А еще поразителен в «Такыре» образ ветра. Если в истории германского физика Лихтенберга ветер несет отраву, перхоть, мусор и никакой надежды в нем нет, то в «Такыре» ветер приносит героине облегчение и очищение. Описывая юную Джумаль, автор пишет о том, что она «была создана светом солнца, весенним ветром, водой дождя и росы, теплотою песков, и поэтому тело Джумаль было нежно, а глаза смотрели привлекательно, как будто внутри ее постоянно горел свет. Мыться ей было негде, — воды еле хватало только овцам, — и когда Джумаль становилось тяжко от сала на коже, она выходила туда, где дует ветер, чтобы ветер и песок освежали и очищали ее своим движением».

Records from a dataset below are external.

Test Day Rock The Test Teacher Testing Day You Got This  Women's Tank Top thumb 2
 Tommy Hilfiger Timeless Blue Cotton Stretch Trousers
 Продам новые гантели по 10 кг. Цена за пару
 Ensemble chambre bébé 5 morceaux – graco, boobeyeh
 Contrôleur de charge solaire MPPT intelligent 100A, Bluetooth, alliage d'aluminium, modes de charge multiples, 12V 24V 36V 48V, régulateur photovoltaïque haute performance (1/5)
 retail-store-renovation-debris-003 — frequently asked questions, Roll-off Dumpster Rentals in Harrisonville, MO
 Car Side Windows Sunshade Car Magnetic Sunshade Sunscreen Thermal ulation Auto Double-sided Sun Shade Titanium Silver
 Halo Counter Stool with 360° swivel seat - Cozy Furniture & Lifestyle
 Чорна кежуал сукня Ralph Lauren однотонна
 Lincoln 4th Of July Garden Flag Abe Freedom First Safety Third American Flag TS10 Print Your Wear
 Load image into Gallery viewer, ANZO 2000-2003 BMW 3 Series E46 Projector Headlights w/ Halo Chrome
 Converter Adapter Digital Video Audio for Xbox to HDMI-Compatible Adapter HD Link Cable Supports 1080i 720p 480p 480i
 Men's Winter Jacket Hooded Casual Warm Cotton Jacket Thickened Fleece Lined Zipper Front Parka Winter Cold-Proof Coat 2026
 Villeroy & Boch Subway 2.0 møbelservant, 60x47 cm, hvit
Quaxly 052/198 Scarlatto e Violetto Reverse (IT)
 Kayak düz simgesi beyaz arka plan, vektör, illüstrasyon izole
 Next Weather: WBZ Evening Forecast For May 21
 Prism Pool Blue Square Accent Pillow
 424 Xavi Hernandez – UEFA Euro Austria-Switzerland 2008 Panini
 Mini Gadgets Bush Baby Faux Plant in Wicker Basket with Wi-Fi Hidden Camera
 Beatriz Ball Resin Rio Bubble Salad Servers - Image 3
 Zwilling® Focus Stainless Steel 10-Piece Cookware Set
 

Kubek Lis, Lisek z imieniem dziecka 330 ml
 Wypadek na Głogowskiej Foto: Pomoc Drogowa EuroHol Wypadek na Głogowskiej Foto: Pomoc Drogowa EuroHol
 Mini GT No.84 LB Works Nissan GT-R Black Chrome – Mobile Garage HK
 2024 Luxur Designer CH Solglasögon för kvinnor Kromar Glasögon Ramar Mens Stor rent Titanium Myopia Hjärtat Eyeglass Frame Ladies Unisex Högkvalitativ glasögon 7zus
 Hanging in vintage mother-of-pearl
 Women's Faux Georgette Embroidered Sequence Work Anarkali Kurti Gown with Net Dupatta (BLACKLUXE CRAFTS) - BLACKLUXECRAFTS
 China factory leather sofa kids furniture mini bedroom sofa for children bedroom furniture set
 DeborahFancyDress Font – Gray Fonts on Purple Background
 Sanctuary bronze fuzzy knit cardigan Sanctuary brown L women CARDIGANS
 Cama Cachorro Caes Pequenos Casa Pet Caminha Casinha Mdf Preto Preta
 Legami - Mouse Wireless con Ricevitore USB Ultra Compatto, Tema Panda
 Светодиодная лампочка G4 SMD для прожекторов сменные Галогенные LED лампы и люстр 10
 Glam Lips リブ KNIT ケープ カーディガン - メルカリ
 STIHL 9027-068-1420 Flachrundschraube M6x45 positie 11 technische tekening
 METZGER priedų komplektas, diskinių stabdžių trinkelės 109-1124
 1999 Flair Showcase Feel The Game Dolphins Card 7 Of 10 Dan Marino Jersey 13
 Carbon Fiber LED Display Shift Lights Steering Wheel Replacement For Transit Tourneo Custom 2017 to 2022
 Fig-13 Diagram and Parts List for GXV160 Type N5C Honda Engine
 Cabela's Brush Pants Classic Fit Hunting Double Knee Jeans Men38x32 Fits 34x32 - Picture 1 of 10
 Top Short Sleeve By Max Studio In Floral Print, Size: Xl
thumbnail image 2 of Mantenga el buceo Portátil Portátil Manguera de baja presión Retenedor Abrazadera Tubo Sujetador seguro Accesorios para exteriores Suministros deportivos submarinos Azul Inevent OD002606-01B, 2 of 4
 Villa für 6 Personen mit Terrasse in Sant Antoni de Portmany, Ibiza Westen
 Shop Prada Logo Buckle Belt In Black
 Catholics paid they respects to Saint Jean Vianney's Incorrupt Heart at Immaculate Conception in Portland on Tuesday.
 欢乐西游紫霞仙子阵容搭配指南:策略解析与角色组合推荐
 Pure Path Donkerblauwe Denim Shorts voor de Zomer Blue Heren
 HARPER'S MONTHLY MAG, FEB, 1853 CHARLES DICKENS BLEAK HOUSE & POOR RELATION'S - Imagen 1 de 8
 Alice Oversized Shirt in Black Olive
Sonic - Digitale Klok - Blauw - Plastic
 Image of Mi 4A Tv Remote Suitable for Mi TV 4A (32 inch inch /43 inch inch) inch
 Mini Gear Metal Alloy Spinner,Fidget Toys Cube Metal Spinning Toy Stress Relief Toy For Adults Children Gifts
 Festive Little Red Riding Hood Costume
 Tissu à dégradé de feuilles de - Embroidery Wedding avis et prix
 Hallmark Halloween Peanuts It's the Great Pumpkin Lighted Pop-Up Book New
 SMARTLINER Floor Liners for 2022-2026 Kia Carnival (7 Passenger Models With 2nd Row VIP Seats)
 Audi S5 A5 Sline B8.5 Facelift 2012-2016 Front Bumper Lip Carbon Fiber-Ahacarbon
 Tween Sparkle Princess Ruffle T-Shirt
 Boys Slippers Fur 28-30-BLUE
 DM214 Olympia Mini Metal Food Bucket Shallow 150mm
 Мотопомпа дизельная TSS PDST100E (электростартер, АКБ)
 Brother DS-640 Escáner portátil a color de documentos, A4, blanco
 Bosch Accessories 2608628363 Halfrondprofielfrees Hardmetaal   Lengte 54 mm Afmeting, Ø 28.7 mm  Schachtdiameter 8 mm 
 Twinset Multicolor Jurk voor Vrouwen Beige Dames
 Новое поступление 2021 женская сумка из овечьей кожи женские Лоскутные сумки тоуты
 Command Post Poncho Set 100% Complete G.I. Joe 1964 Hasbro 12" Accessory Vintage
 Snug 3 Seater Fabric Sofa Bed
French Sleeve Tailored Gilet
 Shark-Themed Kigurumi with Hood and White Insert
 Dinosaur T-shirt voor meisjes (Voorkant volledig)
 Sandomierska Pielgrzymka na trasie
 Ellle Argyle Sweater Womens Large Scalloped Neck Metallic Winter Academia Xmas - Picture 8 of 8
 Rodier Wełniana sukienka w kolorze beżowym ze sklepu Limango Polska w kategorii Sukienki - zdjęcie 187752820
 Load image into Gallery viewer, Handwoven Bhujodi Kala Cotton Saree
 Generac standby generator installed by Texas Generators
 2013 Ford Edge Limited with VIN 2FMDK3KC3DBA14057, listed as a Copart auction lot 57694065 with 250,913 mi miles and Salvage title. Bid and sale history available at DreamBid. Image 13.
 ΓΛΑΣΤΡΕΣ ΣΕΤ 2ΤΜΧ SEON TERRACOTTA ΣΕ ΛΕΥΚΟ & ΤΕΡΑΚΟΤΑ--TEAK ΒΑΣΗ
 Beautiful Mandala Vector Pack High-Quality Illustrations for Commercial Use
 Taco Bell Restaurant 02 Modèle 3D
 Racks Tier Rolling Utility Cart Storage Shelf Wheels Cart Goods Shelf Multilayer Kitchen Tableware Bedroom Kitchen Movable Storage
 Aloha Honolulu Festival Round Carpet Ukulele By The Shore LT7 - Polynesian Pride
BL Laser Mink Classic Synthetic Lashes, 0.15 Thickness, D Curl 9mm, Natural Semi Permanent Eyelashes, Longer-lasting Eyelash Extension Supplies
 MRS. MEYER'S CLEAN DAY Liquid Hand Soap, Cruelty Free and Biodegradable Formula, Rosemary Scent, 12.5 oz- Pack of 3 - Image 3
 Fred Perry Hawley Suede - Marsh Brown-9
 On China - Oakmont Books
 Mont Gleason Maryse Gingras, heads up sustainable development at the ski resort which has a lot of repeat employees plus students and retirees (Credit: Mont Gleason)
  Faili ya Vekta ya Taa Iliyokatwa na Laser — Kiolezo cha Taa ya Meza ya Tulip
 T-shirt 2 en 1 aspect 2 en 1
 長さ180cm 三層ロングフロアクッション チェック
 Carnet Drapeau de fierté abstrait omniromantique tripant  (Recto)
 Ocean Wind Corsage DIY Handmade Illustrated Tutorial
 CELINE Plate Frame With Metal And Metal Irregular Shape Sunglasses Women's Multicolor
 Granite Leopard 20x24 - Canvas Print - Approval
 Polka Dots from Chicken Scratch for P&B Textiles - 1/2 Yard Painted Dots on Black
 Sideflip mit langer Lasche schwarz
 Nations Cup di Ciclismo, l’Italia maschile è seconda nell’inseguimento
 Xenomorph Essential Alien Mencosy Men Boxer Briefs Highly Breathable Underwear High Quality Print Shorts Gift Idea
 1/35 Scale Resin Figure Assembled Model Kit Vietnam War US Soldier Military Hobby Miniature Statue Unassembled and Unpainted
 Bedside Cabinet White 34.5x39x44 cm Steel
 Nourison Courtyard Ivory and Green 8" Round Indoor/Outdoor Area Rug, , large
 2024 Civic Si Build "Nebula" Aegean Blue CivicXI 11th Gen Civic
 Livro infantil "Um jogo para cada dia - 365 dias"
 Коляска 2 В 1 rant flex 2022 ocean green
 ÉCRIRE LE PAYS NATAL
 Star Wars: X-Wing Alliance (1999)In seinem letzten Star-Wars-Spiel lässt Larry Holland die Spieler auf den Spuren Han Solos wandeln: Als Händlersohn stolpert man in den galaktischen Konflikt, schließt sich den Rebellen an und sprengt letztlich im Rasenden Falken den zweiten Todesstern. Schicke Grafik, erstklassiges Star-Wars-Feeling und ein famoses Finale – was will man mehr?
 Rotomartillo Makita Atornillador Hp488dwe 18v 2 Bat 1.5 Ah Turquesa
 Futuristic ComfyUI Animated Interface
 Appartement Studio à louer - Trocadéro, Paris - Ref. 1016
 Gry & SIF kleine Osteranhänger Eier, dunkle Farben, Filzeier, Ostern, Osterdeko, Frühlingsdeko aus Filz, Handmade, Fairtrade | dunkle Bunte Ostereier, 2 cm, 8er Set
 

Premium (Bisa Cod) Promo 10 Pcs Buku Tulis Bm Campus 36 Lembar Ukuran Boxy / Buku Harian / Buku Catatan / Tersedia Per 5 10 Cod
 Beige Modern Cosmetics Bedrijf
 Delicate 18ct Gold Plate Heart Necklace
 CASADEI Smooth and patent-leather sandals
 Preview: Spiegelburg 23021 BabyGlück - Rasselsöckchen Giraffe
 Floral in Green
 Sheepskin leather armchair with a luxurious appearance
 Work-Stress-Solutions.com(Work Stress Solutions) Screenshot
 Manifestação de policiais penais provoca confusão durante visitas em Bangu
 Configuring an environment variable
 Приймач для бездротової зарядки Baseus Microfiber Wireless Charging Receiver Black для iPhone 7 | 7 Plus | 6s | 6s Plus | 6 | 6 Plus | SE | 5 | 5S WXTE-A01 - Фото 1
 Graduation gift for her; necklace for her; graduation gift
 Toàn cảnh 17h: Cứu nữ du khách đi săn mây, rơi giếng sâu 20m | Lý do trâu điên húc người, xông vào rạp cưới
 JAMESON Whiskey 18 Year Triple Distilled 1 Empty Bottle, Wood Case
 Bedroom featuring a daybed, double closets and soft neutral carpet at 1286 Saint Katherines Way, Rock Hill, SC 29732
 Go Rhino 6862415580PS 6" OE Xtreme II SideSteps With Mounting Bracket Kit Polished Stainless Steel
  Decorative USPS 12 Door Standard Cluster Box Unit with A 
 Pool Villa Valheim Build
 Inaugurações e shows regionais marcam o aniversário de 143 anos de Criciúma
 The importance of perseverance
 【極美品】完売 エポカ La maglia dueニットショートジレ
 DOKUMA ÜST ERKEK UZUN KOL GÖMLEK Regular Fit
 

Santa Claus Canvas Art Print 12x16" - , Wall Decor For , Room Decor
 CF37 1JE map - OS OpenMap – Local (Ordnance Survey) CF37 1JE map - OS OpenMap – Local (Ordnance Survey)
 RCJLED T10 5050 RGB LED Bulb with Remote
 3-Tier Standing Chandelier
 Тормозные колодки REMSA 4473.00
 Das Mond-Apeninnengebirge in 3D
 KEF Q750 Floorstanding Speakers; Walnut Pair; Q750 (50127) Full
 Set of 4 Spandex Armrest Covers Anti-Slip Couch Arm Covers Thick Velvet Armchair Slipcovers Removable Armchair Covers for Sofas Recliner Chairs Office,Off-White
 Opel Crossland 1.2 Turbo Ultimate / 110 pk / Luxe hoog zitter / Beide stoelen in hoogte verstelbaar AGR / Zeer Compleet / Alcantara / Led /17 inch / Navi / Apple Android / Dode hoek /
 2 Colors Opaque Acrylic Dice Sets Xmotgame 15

Так грубость, грязь жизни переплавлялась в платоновской прозе в чистоту, в свет, и этот переход, превращение вещества он всегда старался запечатлеть. Платоновская чистота и любовь никогда не равны стерильности и никогда из них не рождаются, преобразование грязи, навоза, их движение вверх по стеблям - вот его внутренний вектор, и не случайно в «Записных книжках» остались грубые, с обыденной точки зрения, записи: «Ей было так тоскливо, что она ходила испражняться, когда ей не хотелось и было не нужно, лишь бы заняться».
Семен Липкин позднее вспоминал о том, как он рассказал Платонову и Гроссману сюжет из «Махабхараты». «Паломники, направляясь к месту поклонения, видят на пути коровьи лепешки и, боясь, что даже взгляд на нечистое загрязнит их благочестивые намерения, спешат омыть свое тело в реке. Но тут же из лепешек восстает бог Индра и говорит им: (1)Жалкие люди, это я превратился в коровьи лепешки, ибо нет на Земле ничего чистого и нечистого(2)».